In the first eight months of 2010, there were 206 cleantech mergers, acquisitions, and capital raises--totaling $10.2 billion in reported deal value, according to a new market report.
Peachtree Green Advisors said while the 206 transactions were only slightly more than the 183 recorded during the same period in 2009, deal value grew 73% over the year-ago figure of $5.9 billion.
The uptick in M&A activity is a welcome relief after a dismal year in 2009 which reported only $9.5 billion in deal value--a number that has already been surpassed in 2010. The increased dealmaking signals that capital is steadily flowing into the greentech sector again.
More importantly, debt is returning to the greentech sector as well. Debt is the catalyst for acquisitions, which leads to exits for investors and attracts more investors, as well as a driver of capital spending, which leads to increased revenue. This inflow of capital and debt paints a positive outlook for greentech M&A going forward, according to the advisor group.

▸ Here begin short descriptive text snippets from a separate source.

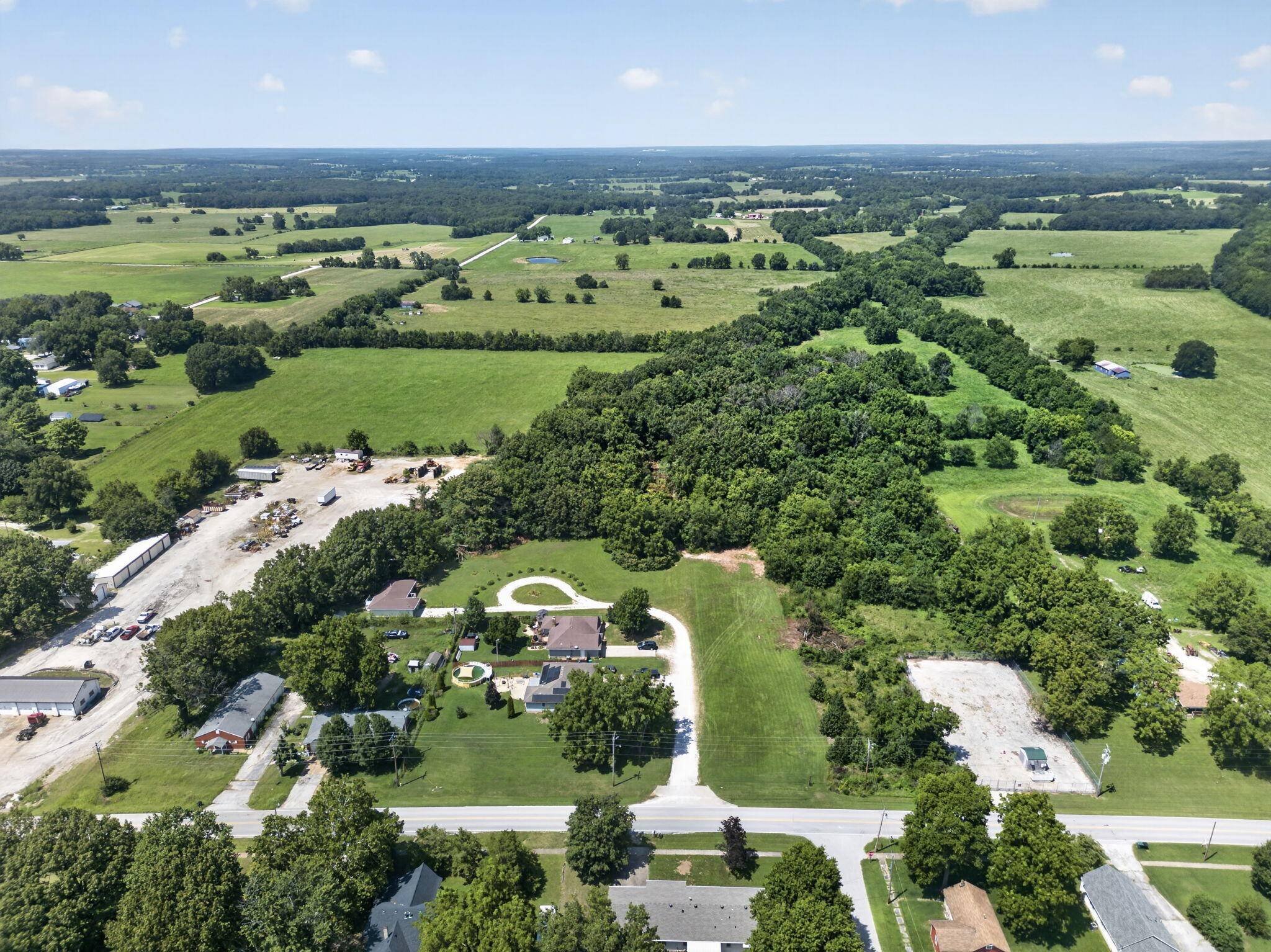 000 E Main East ST, Walnut Grove, MO 65770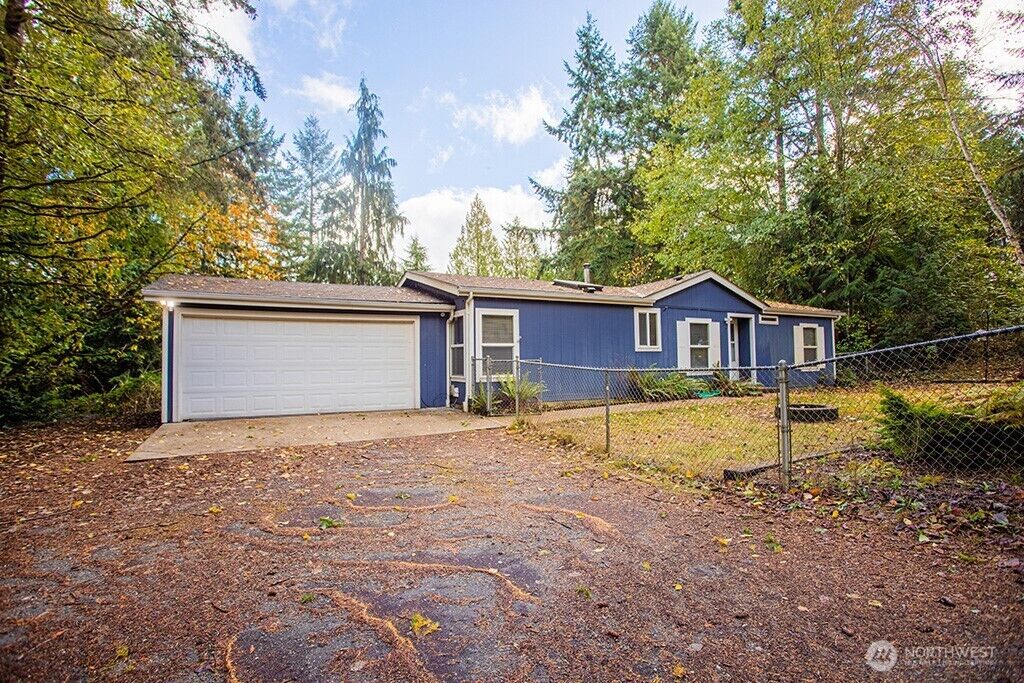 Property Photo: 1485 Eady Place E WA 98366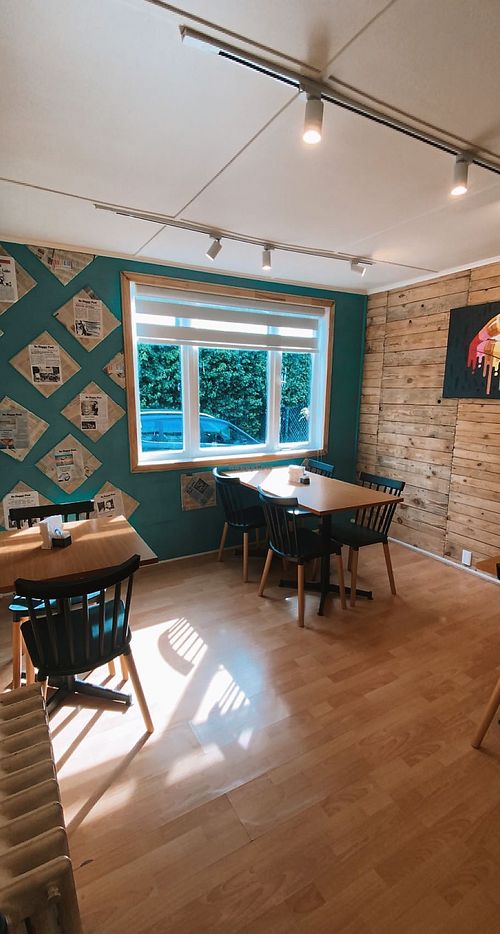 indoor seating   at Be Happy Café in Punta Arenas
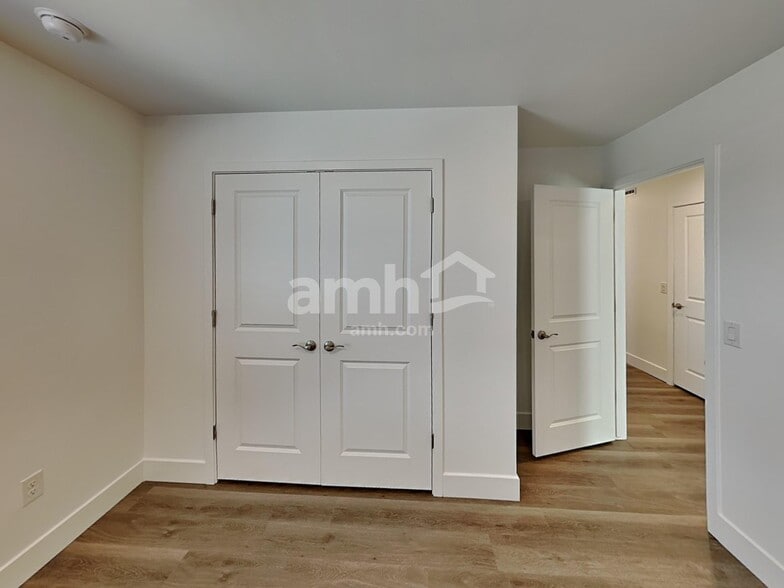 Building Photo - 9612 Harkes Dr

Solar leads in transaction value, up 92% year-over-year to more than $2 billion. First Solar’s (Nasdaq: FSLR) $285 million acquisition of NextLight Renewable Power continued a trend of upstream players buying downstream targets, while four companies raised rounds in excess of $100 million, both in solar photovoltaic and solar thermal.
Solar was followed by wind, biofuel and biomass. Smart energy distribution showed the biggest year-of-year change, up more than 1,100% to more than $1.1 billion.
Through August, 170 capital raises were reported for a total of $7.5 billion; these figures were respectively 24% and 123% higher than in the same period for 2009. Distribution, storage & efficiency drew the most attention from investors and its 74 raises accounted for 44% of all capital raise volume.
The report, which is available as a free pdf, lists the twenty largest transactions by deal value that have occurred thus far in 2010, led by Terra-Gen Power’s massive $1.2 billion round of financing and ABB’s $1 billion acquisition of Ventyx. The report also gives detailed valuations of public companies across the cleantech sector, such as GT Solar (Nasdaq: SOLR), Evergreen Solar (Nasdaq: ESLR), Broadwind Energy (Nasdaq: BWEN), Ocean Power Technologies (Nasdaq: OPTT) and many others.